These developments have been planned in an arguable attempt to entice more dwellers to the area and to appeal to workers who, in a survey taken in 2015, claimed that stress and happiness levels are dependent upon their closeness to their place of work.

In one of the phases of development, the new estate is planned to create a significant number of jobs, upwards of 17,000 due to the infrastructure growth in addition to the residential properties. However, the new developments worry locals who fear the complete loss of affordable housing in the area.

The developments are said to bring to Canary Wharf a similar architectural feel to areas in parts of central London such as Carnaby Street. Canary Wharf Group said: “This New District of Canary Wharf will encompass 22 acres, including nine acres of interconnected parks, piazzas, riverside walkways and garden squares to extend the appeal of Canary Wharf as a progressive working and living urban district.”
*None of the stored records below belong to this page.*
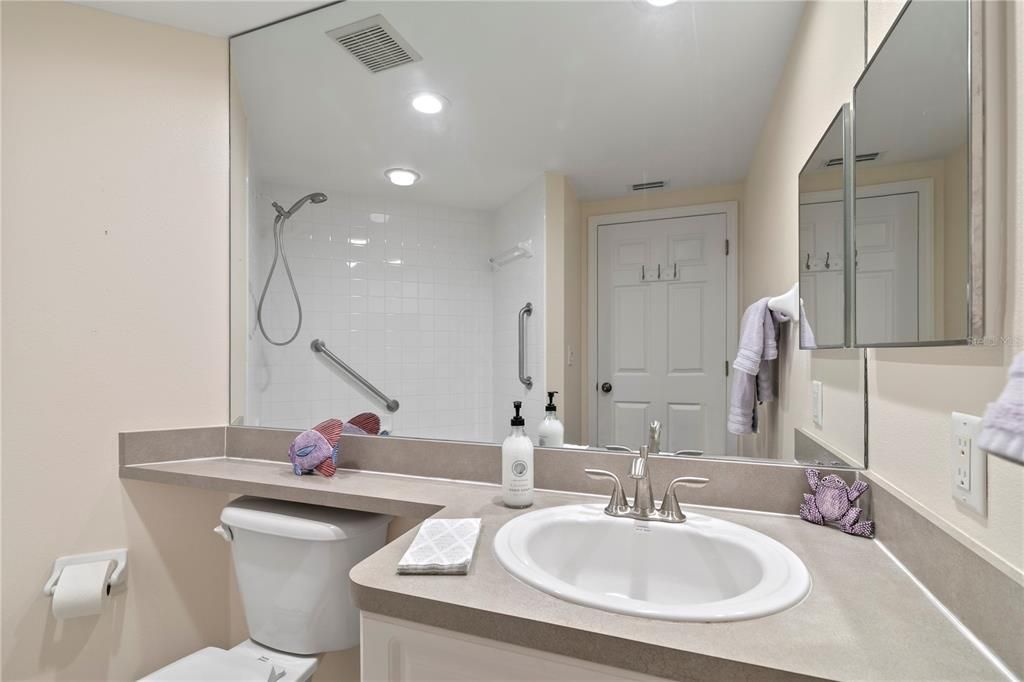 En Venta: $420,000 (3 camas, 2 baños, 1800 Pies cuadrados)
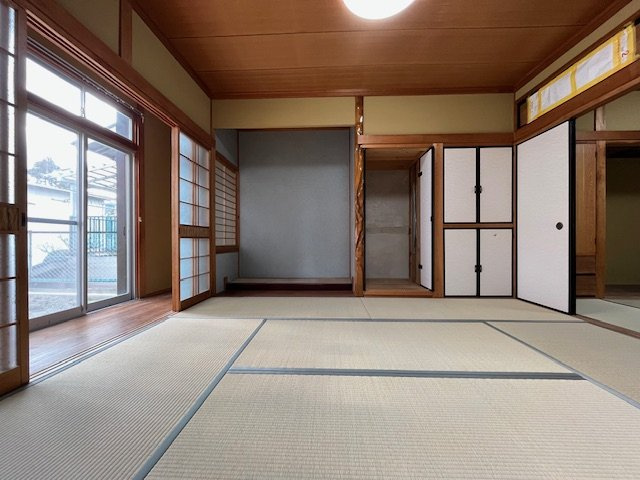 河内⻑野市北⻘葉台貸家の和室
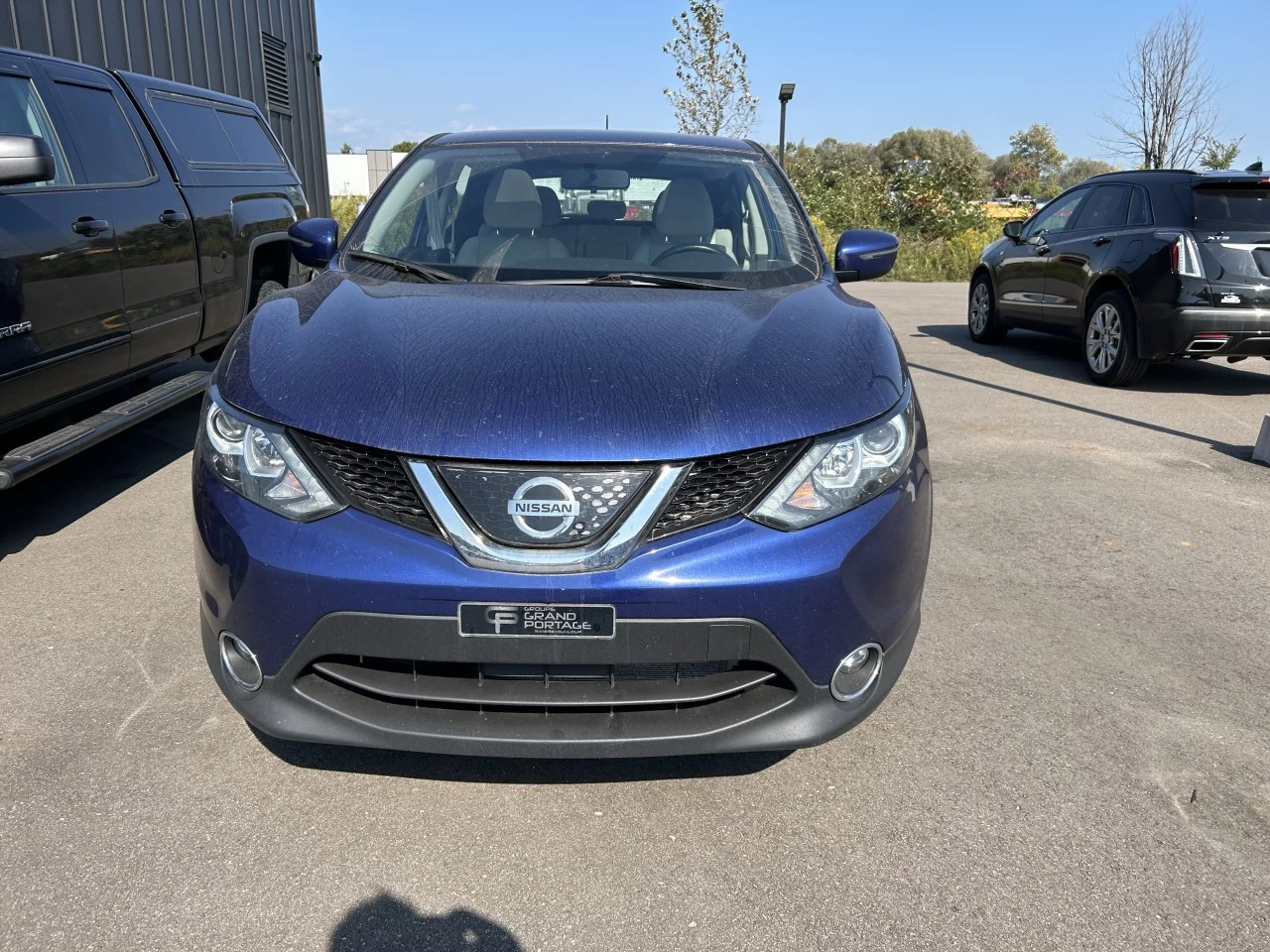 2018 Nissan Qashqai SV Main Image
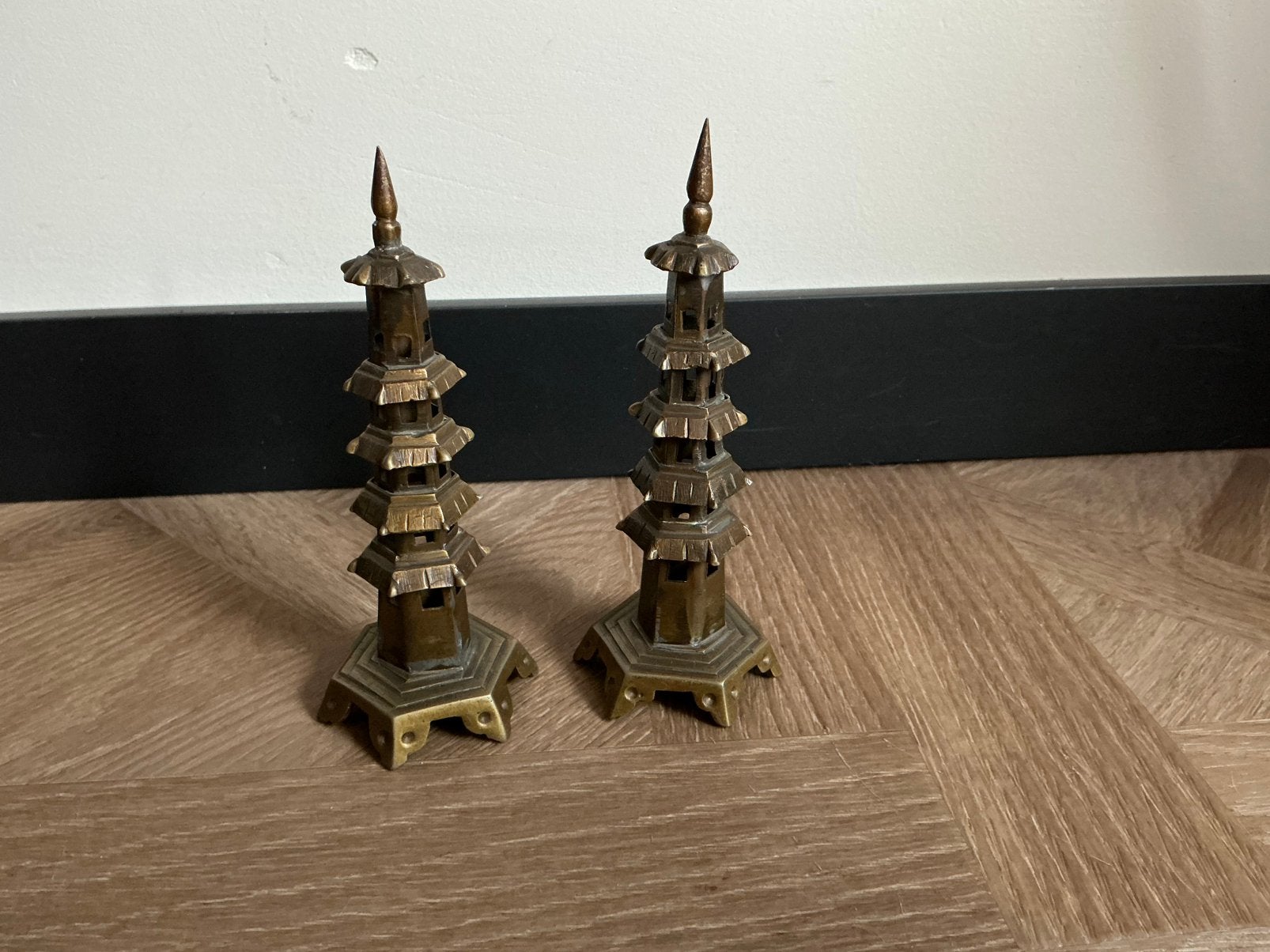 2 koperen pagodes,chineese pagode, Verzenden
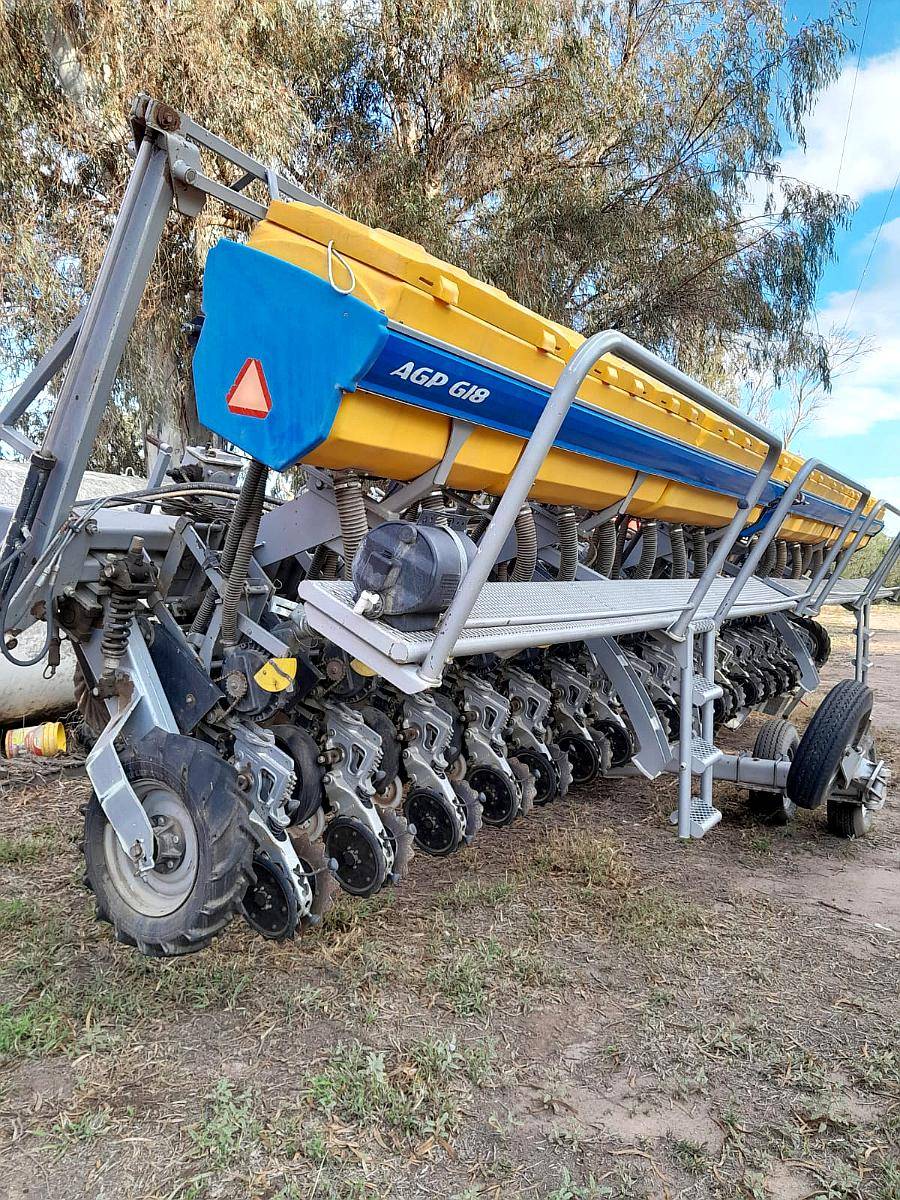 Sembradora Pla Autotrailer 18 52.5 con Matermacc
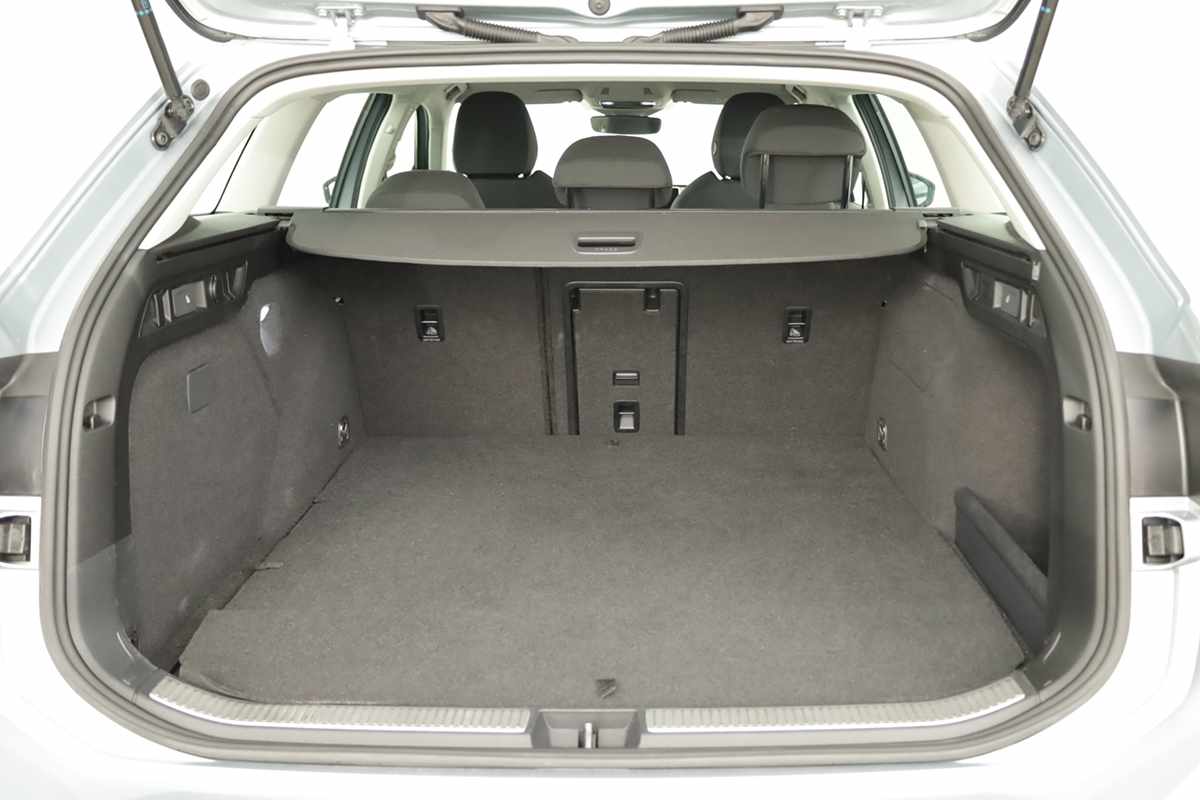 volkswagen-passat-variant-2025-hibrido-a-gasolina-1498cc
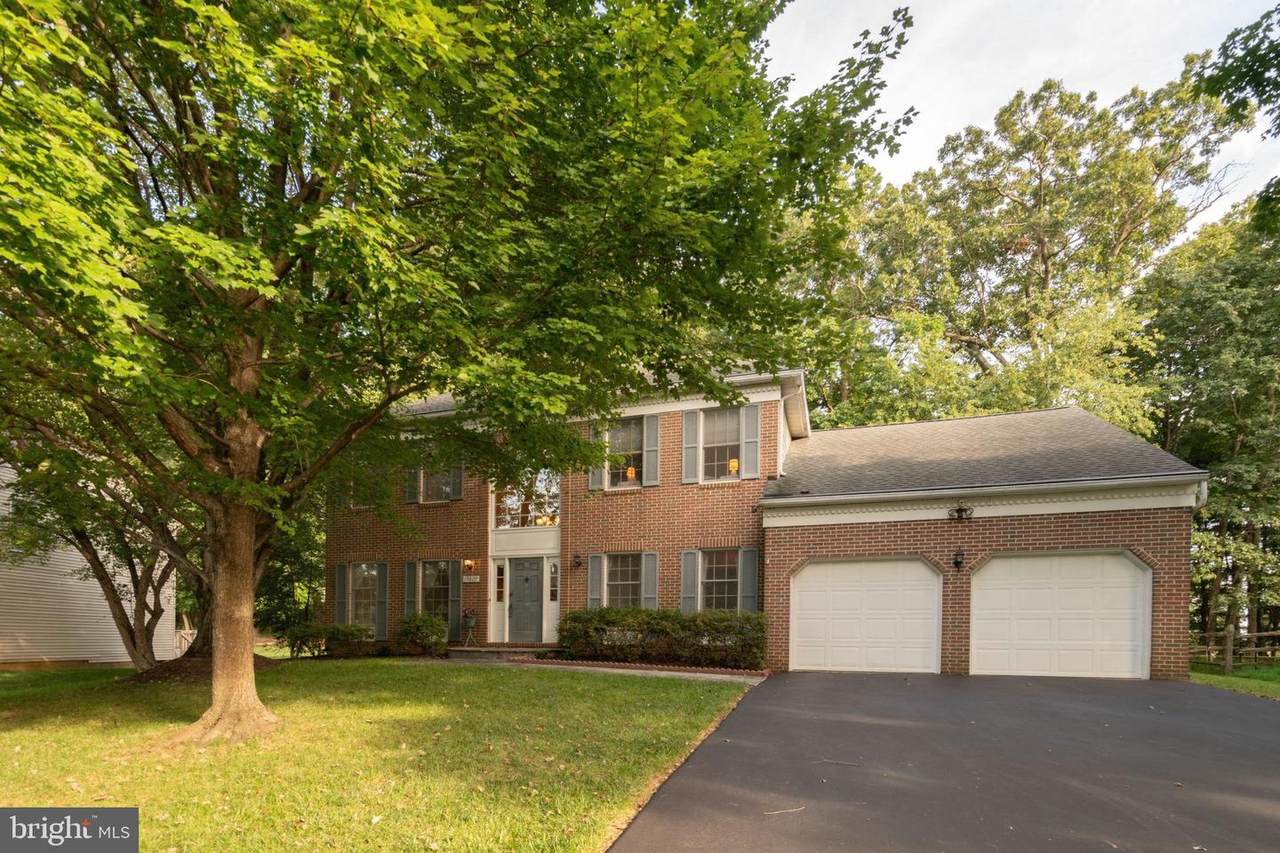 19829 Helmond Way - Photo 1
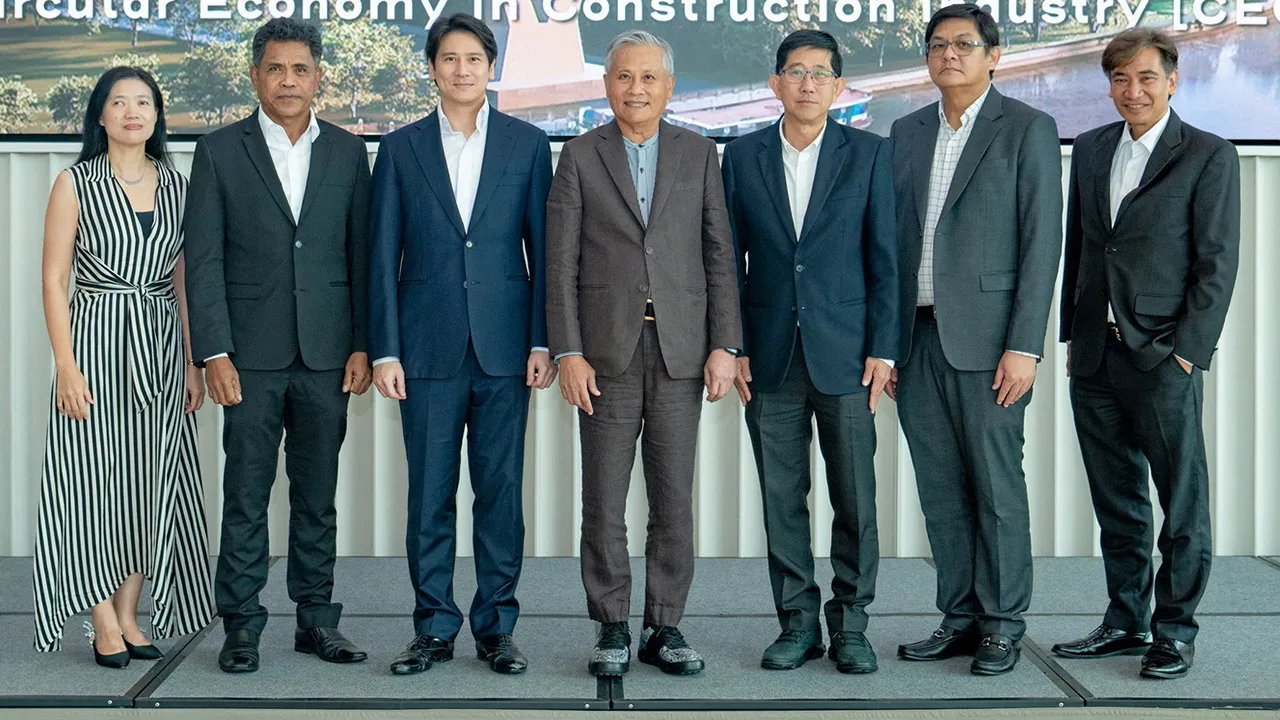 การก่อสร้าง วิชัย กุลสมภพ และ ดร.เกชา ธีระโกเมน จัดงาน “CECI Steering Committee” ครั้งที่ 1/2568 การประชุมกลุ่มความร่วมมือด้านเศรษฐกิจหมุนเวียนในอุตสาหกรรมก่อสร้าง โดยมี วิชัย รายรัตน์ และ บุญเลิศ ชูวา มาร่วมประชุมด้วย ที่คิงบริดจ์ ทาวเวอร์ วันก่อน.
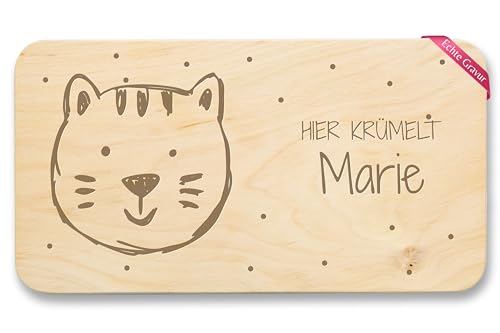 Frühstücksbrettchen Holz Natur - Katze Tier Motiv Katzen Kinder Geschenk mit Name - 22x12 - Holz - brettchen hier krümelt geschenke für katzenliebhaber cat katzenfan frühstücksbrett von Geschenk mit Namen personalisiert by Shirtracer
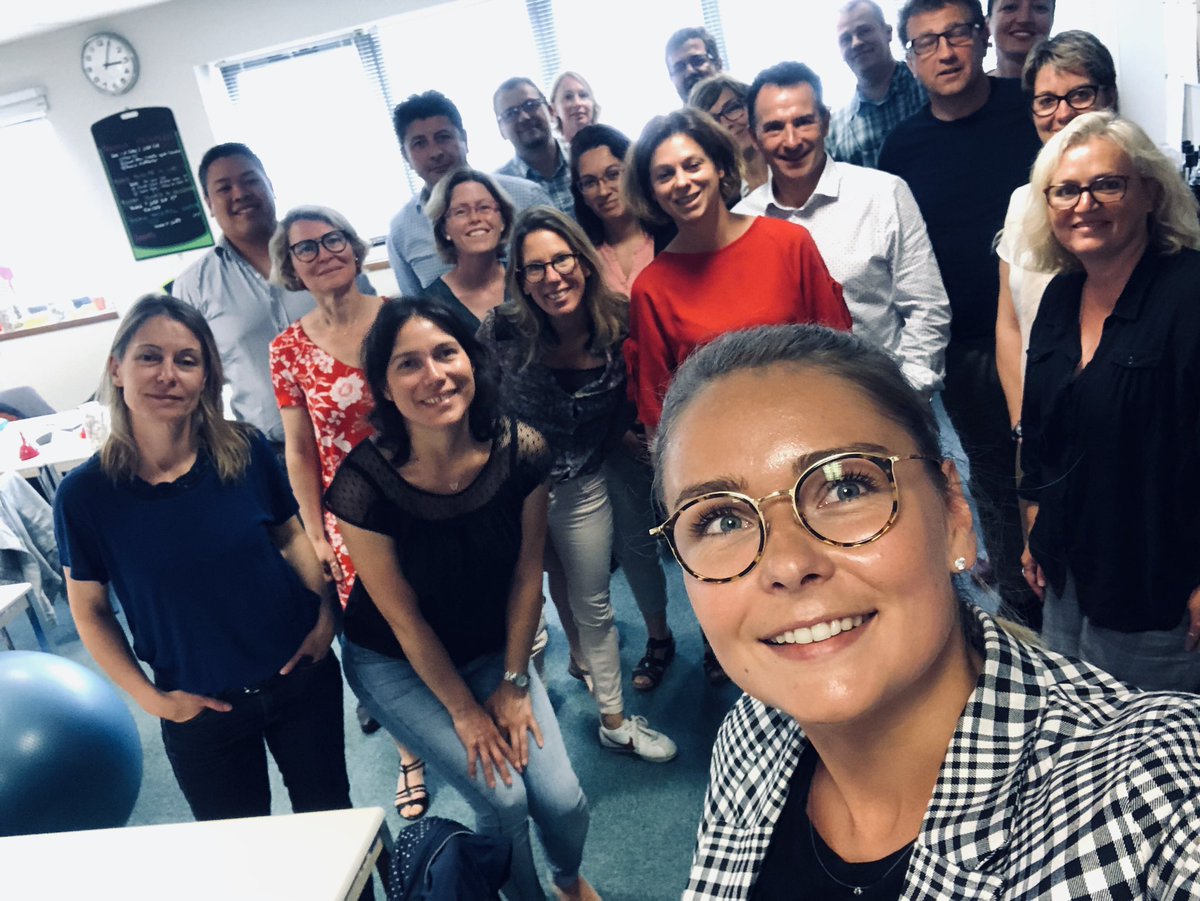 elyios's tweet photo. 👀❯ Comment dynamiser sa communication avec les #reseauxsociaux ? 

C'était un réel plaisir de venir à votre rencontre pour parler #marketingdigital et vous donner quelques conseils et astuces pour bien gérer sa stratégie #socialmedia 😉

Merci à tous 😃 https://t.co/QZ5QSCYFcL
While such massive developments seem a great contrast to the ever-present poverty in the area, charity organisations (like First Love Foundation) along with large-scale developers (like Canary Wharf Group) have come together in joint efforts to tackle the issues that the borough faces.

“There are people in the borough who have no income and who see those around them visiting the supermarket and going to work which to them is just a pipe dream. We are working in partnership with The City and Canary Wharf to resolve the issues that the borough faces as quickly as possible. All of our models have been developed in partnership to prompt fast and sustainable change,” said Denise Bentley.

The future of Canary Wharf is one that could bring changes to the greater Tower Hamlets area. By 2018, just following the launch of Crossrail, the first phase of developments should be complete. Canary Wharf is ever-expanding and there is now also consideration for the awaited effects that Brexit and Macron’s election will have on the area.

Macron, a former economic minister turned politician and president, has stated objectives that include encouraging those in London and elsewhere to turn to the French Capital, ultimately providing the French economy with an influx of new employment.

He will likely encourage the restriction of UK access to the single market in the hope that Britain will begin to export academics and bankers to Paris. Most of these bankers are currently employed, some with plans to reside in Canary Wharf.

Tower Hamlets held a council meeting today [May 22] to ask private developers to increase the number of affordable housing sites in conjunction with large scale, billion pound developments in the area.

The poverty and great income discrepancy that the borough faces, however, should not be forgotten in light of the changes to come.